Pensez : un homme qui prête de l’argent et fait payer un taux d’intérêt élevé
aux pauvres, un homme qui croit au talent entrepreneurial
de millions de personnes de condition modeste, un homme qui pense que le développement
économique va de bas en haut, et non de haut en bas, suggérant que les gouvernements
font plus de mal que de bien à leur peuple. Bref, un ultra-libéral de la pire
espèce. Avec Al Gore et le GIEC
tout rentre dans l’ordre, la pensée unique et le politiquement correct prennent
une revanche éclatante. L’unanimité
s’est faite en France : de Noël Mamère à Jean Louis
Borloo, de Nicolas Hulot à Nathalie Kosciusko-Morizet,
sur toutes les ondes radiophoniques, sur tous les écrans de télévision, l’harmonie
a été symphonique, l’éloge dithyrambique. Al
Gore et les Verts auraient-il besoin du soutien d’un modeste économiste libéral ?

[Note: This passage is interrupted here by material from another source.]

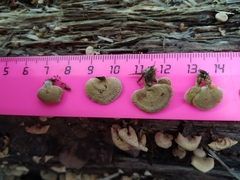 Panellus stipticus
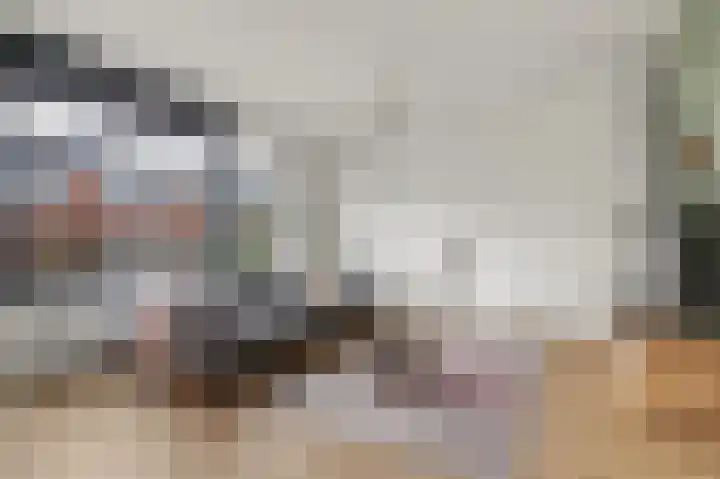 Ripstraat 21 Kamperland thumbnail 5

J’ai stupidement mis en doute
les thèses que l’on dit aujourd’hui scientifiques sur le réchauffement de la planète,
la crise de l’énergie, le pillage des ressources naturelles, thèses qui débouchent
sur le néo-malthusianisme : halte à la croissance, halte à la mondialisation
capitaliste. Une croissance « qualitative » comme dit Monsieur Hulot
plutôt que « quantitative » : du Bonheur National Brut au lieu
du Produit National Brut (le club de Rome avait dit cela dès 1968). J’ai
stupidement soupçonné l’écologie politique d’être une forme nouvelle et affinée
du marxisme : la lutte des riches contre les pauvres continue, le capitalisme
jadis était cause de la misère ouvrière, aujourd’hui il détruit la planète. Je
n’avais pas compris ni le discours du précédent Président de la République Française
à Johannesburg nous prévenant qu’il y avait le feu à la maison Terre, et que notre
mère Gaïa n’était pas contente, ni le discours de notre nouveau Président à New
York appelant à un « New Deal écologique ». J’ai
donc certainement péché contre l’intelligence humaine, cette intelligence durable,
équitable, sociale et environnementale. Je tenais à m’en excuser auprès des nouveaux
Nobel, je vais voir le film d’Al Gore, et je serai sans
doute converti. Ce n’est pas
la Haute Cour de Londres qui m’en dissuadera. Ces stupides magistrats ont interdit
la diffusion du film dans les écoles britanniques au prétexte fallacieux qu’il
était émaillé d’erreurs scientifiques grossières – relevées aussi il est vrai
par quelque 70.000 scientifiques (dont Claude Allègre est le plus connu en France).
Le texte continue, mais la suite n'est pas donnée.